佐賀県は10日、新型コロナウイルスへの感染が確認された東松浦郡玄海町の20代男性について、陽性と診断された知人と福岡市内で会食したことが感染の要因になったとの見解を示した。濃厚接触者として、同居している50代の両親に検査を実施したが、いずれも陰性だった。

 県によると、県内12人目として感染が確認された男性は会社員で、玄海町内に立地する九州電力玄海原発の関係者ではない。福岡市内で4月1日に大阪府在住の知人男性と会食し、2~6日に千葉県へ出張した。7日に、この知人から感染したという連絡を受け、佐賀県の帰国者・接触者相談センターに相談した。8日に味覚障害になり、感染が確認された9日に県内の指定医療機関に入院した。現在は味覚障害などがあるが、症状は軽いという。

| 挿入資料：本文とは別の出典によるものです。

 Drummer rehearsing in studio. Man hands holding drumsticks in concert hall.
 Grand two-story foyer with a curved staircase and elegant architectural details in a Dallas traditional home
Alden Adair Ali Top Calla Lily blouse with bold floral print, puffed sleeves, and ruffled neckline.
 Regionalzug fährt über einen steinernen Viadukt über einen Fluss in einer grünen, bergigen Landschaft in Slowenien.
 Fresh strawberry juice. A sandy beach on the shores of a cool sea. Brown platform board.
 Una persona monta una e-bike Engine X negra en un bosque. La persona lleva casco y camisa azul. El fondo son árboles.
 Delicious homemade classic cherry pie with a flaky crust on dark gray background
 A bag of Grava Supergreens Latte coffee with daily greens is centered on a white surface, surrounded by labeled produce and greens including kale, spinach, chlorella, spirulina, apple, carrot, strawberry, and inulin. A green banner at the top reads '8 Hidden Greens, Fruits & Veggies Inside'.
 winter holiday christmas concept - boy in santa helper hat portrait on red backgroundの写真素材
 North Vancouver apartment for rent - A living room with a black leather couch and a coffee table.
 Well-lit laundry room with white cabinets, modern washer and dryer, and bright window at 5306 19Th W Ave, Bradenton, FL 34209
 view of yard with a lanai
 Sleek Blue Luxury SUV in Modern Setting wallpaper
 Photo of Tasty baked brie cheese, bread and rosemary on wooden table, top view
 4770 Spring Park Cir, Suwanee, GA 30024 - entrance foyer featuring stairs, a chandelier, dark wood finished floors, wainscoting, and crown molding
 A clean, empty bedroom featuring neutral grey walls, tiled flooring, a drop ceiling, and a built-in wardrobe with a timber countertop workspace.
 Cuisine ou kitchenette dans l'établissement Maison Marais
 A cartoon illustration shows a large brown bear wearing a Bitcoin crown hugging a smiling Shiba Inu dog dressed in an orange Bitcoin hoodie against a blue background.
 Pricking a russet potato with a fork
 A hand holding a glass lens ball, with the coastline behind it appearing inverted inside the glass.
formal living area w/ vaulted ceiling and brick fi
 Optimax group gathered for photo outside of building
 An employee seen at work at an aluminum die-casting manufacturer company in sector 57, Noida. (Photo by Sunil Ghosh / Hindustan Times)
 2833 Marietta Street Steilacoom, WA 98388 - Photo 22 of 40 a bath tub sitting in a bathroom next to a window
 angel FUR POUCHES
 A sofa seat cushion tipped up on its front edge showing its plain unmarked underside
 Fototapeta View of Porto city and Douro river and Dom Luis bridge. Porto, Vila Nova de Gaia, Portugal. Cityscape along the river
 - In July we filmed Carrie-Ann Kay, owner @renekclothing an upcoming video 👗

 男性は知人と接触後は出勤しておらず、出張の際は福岡空港を利用し、空港からはバスと自家用車を乗り継いで帰宅した。出張後は自宅で過ごし、両親も外出時はマスクを着用した上でスーパーを訪れる程度だったという。県は両親に2週間の行動自粛を要請した。

 大川内直人健康福祉部部長は会見で、知人との接触が感染の起点になったと説明し「男性は家の中で感染防止に意識の高い行動を取っていた。(感染の)広がりを事実上抑えている」と述べた。